Healthcare GlossaryICD-10
Regulatory & Compliance

ICD-10: International Classification of Diseases, 10th Revision

ICD-10 is the WHO's international standard for coding diseases and health conditions, with 70,000+ codes used universally in US healthcare for clinical documentation, claims billing, epidemiological surveillance, and quality measure reporting.

What is ICD-10?

The International Classification of Diseases, 10th Revision (ICD-10) is a globally standardised system of alphanumeric codes for classifying diseases, health conditions, injuries, and causes of death. Maintained by the World Health Organization (WHO) and adapted by the US Centers for Disease Control and Prevention (CDC) for American clinical use, ICD-10 is mandatory for all HIPAA-covered entities submitting healthcare claims in the United States as of October 1, 2015.

ICD-10-CM vs ICD-10-PCS

The US uses two distinct ICD-10 systems:

  • ICD-10-CM (Clinical Modification): Used by all healthcare providers for diagnoses on claims and in medical records. Contains approximately 72,000 codes organised into 21 chapters. Updated annually each October 1st.
  • ICD-10-PCS (Procedure Coding System): Used exclusively by hospitals for inpatient procedure coding. Contains over 87,000 codes structured as 7-character alphanumeric values where each character represents a specific dimension of the procedure.

Code Structure

ICD-10-CM codes consist of 3–7 alphanumeric characters. The first character is always a letter; characters 2–3 are numbers; characters 4–7 provide additional specificity. For example, E11.65 indicates Type 2 diabetes mellitus with hyperglycemia. The added specificity over ICD-9 (which had ~14,000 codes) allows for precise clinical documentation that supports HCC risk adjustment, DRG assignment, and quality measure denominator identification.
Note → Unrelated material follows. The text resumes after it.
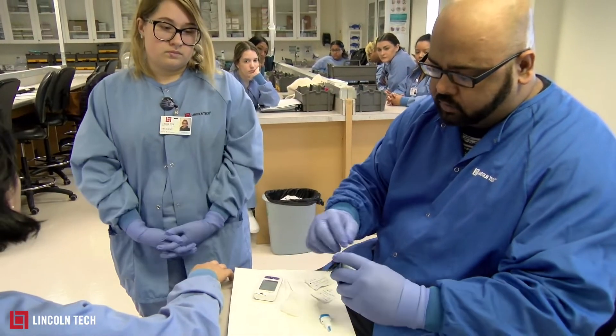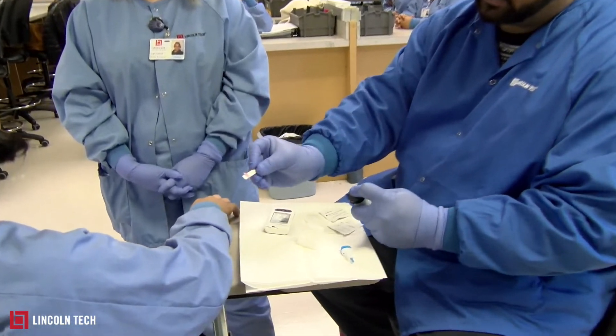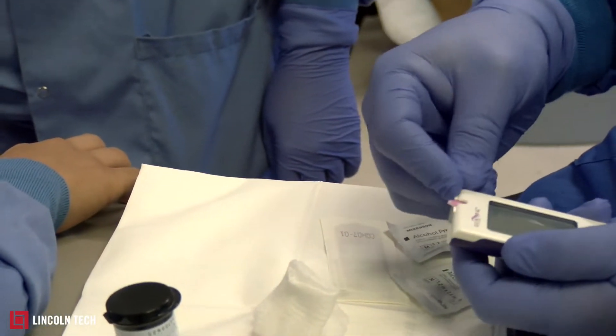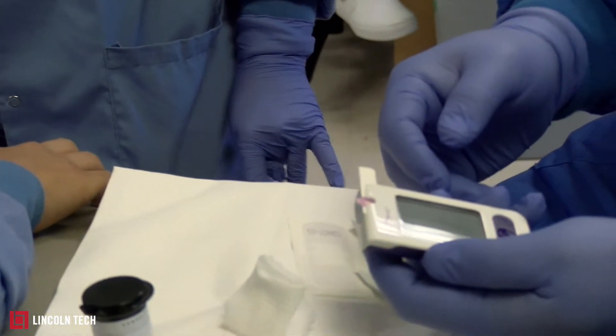I'll show you one of the strips. When you take one of the strips out, that's how it looks. You put this in the machine, and the machine will turn on automatically — you'll hear a beep.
ICD-10 in Quality Reporting and Risk Adjustment

ICD-10 code specificity directly affects HCC (Hierarchical Condition Category) risk adjustment scores, DRG assignment for hospital payment, and inclusion in quality measure denominators and numerators. A diagnosis of "diabetes" (E11.9 — unspecified) generates a lower RAF score than a fully specified code like E11.65 or E11.40, which may map to a higher-value HCC. Coding specificity is therefore a financial and quality analytics imperative, not merely a documentation exercise.